:: WHAT TO WORK ON ::
The task calls for an exact retyping of the lines from the one holding "Das Volk des Ghetto" through the end of the listing, with pictures omitted and nothing added.

:: DATA SEGMENT ::
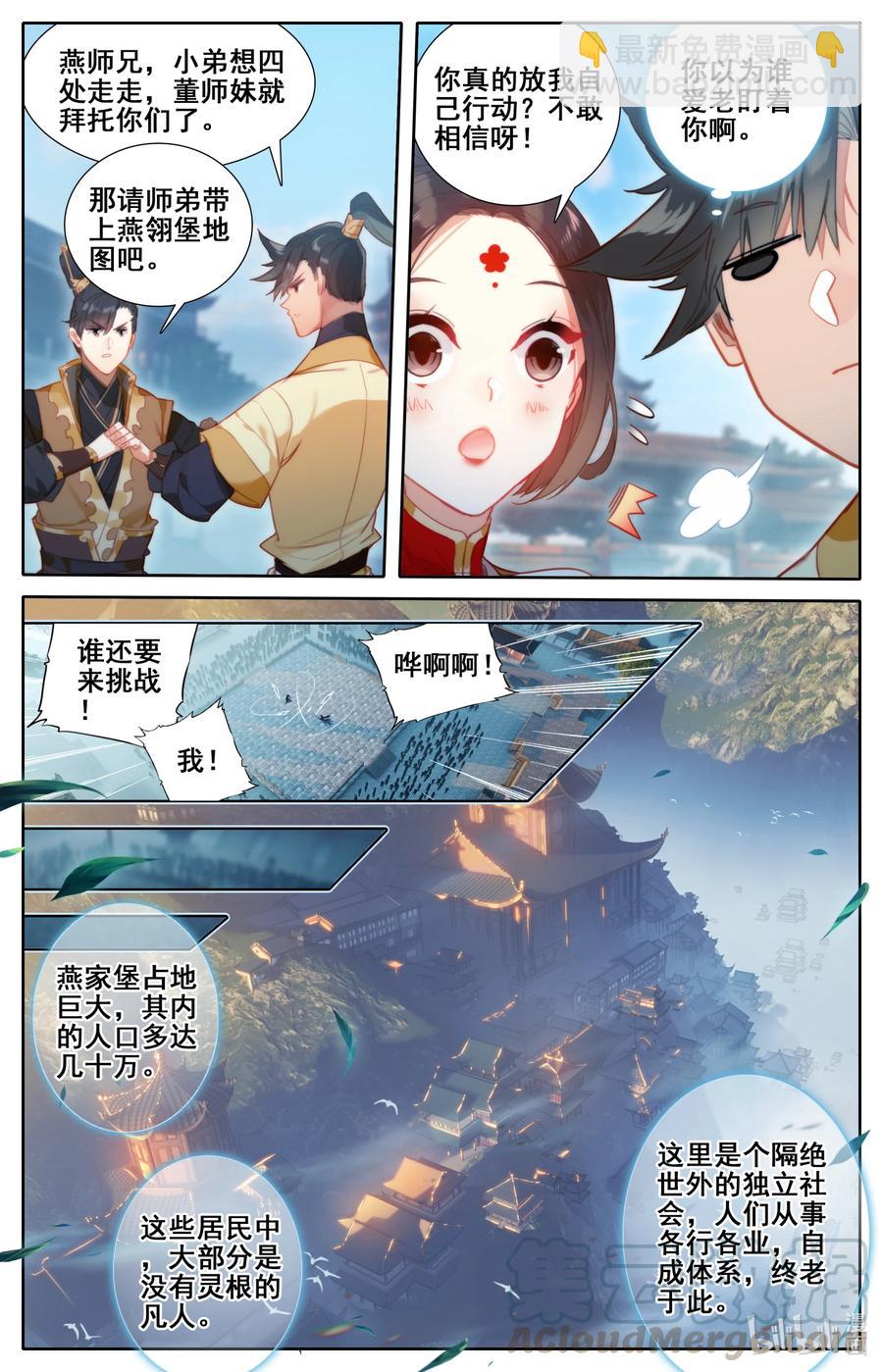 121 故人重逢12
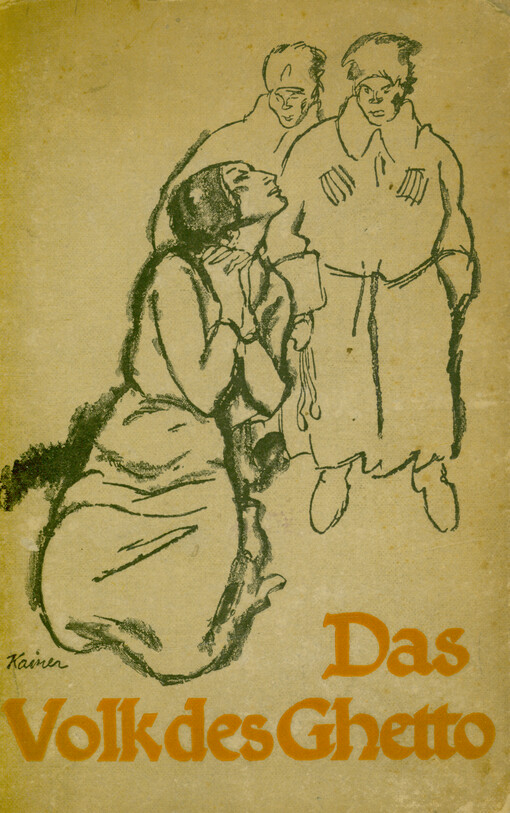 Das Volk des Ghetto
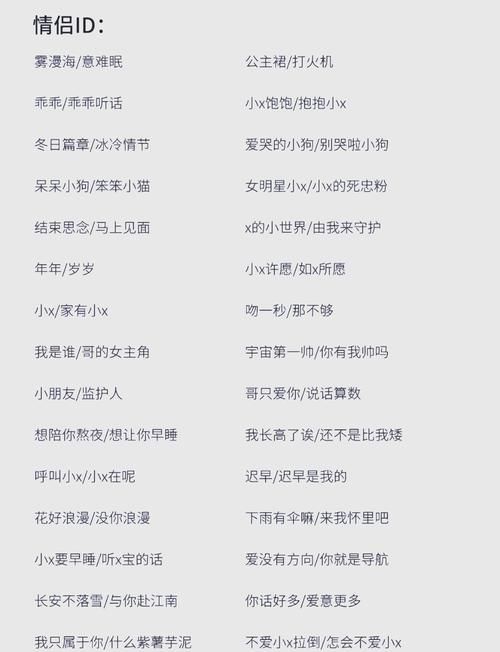 王者荣耀高冷ID大全：霸气侧漏的游戏昵称推荐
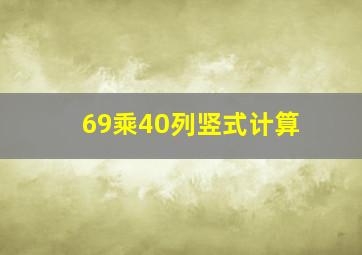 69乘40列竖式计算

:: RESULT OF THIS EXERCISE ::
 Das Volk des Ghetto
 王者荣耀高冷ID大全：霸气侧漏的游戏昵称推荐
 69乘40列竖式计算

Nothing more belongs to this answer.